▸ MATERIAL FOR THIS TASK
==*==
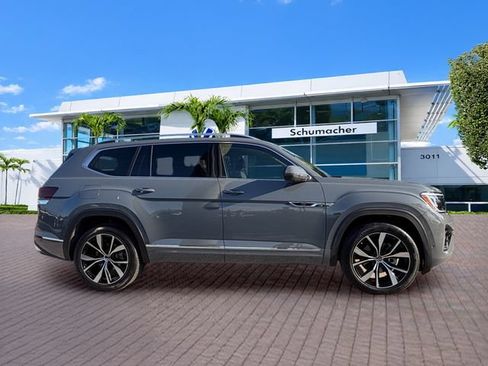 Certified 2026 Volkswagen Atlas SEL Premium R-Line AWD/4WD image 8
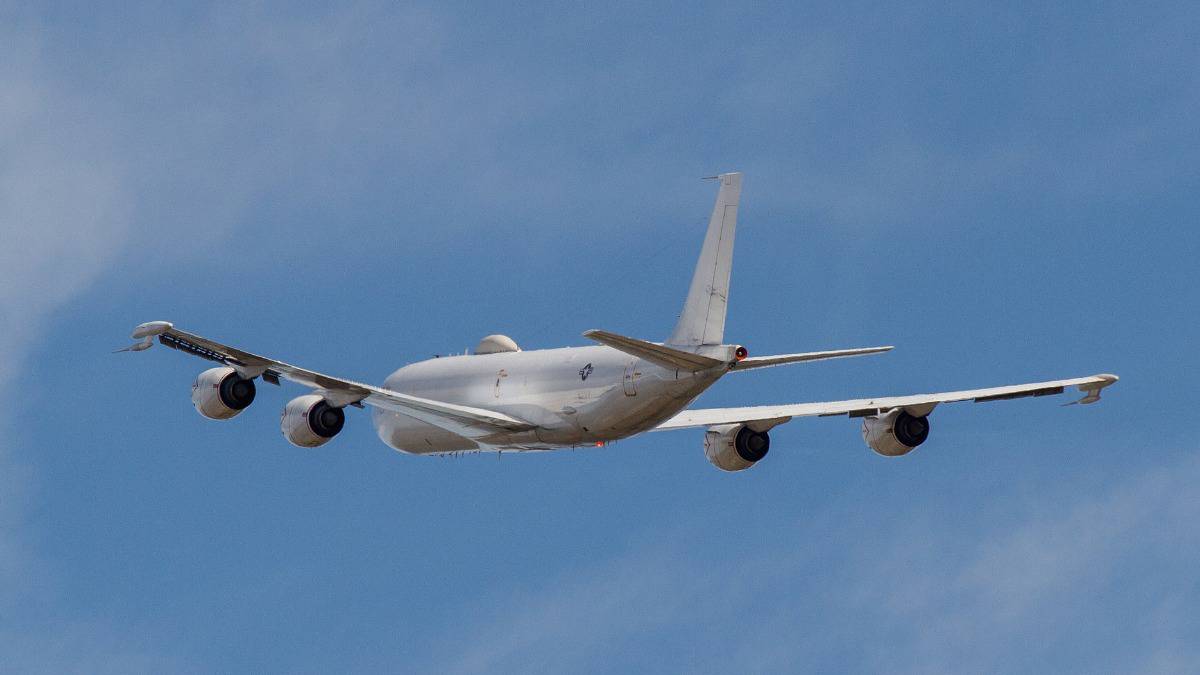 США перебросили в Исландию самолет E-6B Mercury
==*==
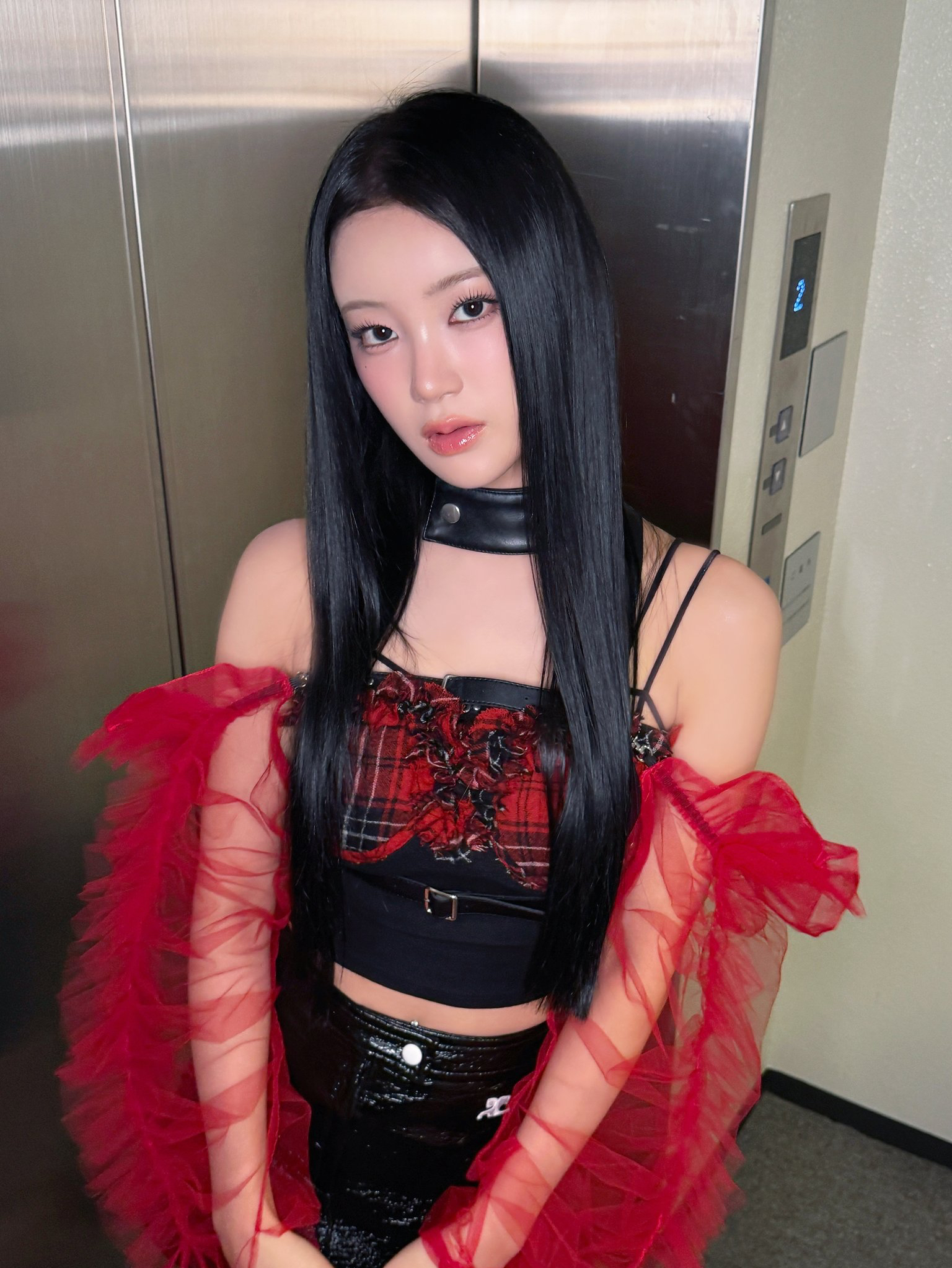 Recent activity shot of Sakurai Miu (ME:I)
==*==
▸ ACTIVITY
What is needed is an exact copy of the lines above, from the one holding "Certified 2026 Volkswagen" down to the one holding "США перебросили в", with those two included and the pictures left out.

▸ SOLUTION TO THIS TASK
 Certified 2026 Volkswagen Atlas SEL Premium R-Line AWD/4WD image 8
 США перебросили в Исландию самолет E-6B Mercury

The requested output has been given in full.